His sentiment was amplified in a powerful editorial by a former ombudsman of the IDF, Yitzhak Brik.
Writing in Haaretz, Brik said that by putting new conditions on the negotiating table just when a deal is near, Netanyahu is leading Israel to a “catastrophe,” that the delay in securing a ceasefire and freeing the remaining hostages is costing the country its “social resilience” and stoking hatred between groups within the country.
As the latest round of negotiations falters, Hamas and some Arab states have accused the United States of failing to put enough pressure on Netanyahu to wring out the necessary concessions.
In public statements, Hamas officials have said the current position of Israel and the United States concerning the presence of Israeli troops in Gaza represents a “reversal” of its earlier commitments.
In Gaza, where Israeli attacks on Hamas militants and civilian targets have laid to waste vast tracts of the territory and killed more than 40,000 people according to local health authorities, the United Nations says an immediate pause in the war is imperative to address multiple unfolding calamities.
On Friday, the World Health Organization confirmed the first case of polio in a 10-month old Palestinian baby, a viral disease that had not been registered in Gaza for 25 years, but now amid the deplorable health and sanitation conditions in the territory has returned.
“Polio will not make the distinction between Palestinian and Israeli children,” wrote Philippe Lazzarini, the head of the United Nations Relief and Works Agency (UNRWA) on social media.
“Delaying a humanitarian pause will increase the risk of spread.”
Mass displacements
Compounding the health crisis have been orders from Israel’s military for hundreds of thousands of people in Gaza to uproot from previously designated “safe areas” in cities such as Deir Al Balah.
Muhannad Hadi, the UN Humanitarian Coordinator for the Occupied Palestinian Territories, says forcing so many people to move multiple times amounts to depriving them of the necessities of life.
“Imagine if you asked the population of Toronto – three million people – to move to just 11 percent [of the space of] Toronto’s city. And to keep them there for 10 months with no access to proper bathrooms, no proper medical service, no shelter, no electricity. How would these people feel? That is what they are facing,” Hadi told CBC News in a Zoom interview from Amman, Jordan.

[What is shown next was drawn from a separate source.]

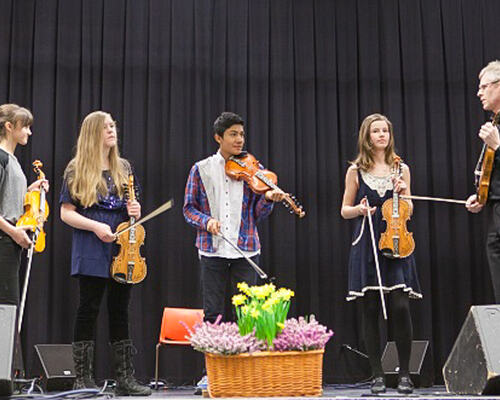 Indre Sunnfjord Spelemannslag. Foto: Kjell Thue/Folkemusikklaget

In Gaza, a videographer working for CBC News saw scenes of desperation as thousands fled cities such Khan Younis without knowing where they were headed.
“Every day they promise us negotiations and it’s all lies, on lies, on lies,” Umm Hani Zaqout said as she packed up her belongings.
“They have meetings and discussions in the middle of the night and we’re eating shit,” she said.
At least 50 Palestinians – including many children – were killed in Israeli attacks over a 24 hour period in Khan Younis and Deir al Balah this week, even as the ceasefire talks continued.
“We are so desperate hoping for some good news,” said the UN’s Hadi.
“Sometimes I feel like I am a patient with a terminal illness waiting for my medical results to come out: am I going to live or not? Will there be a ceasefire or not?”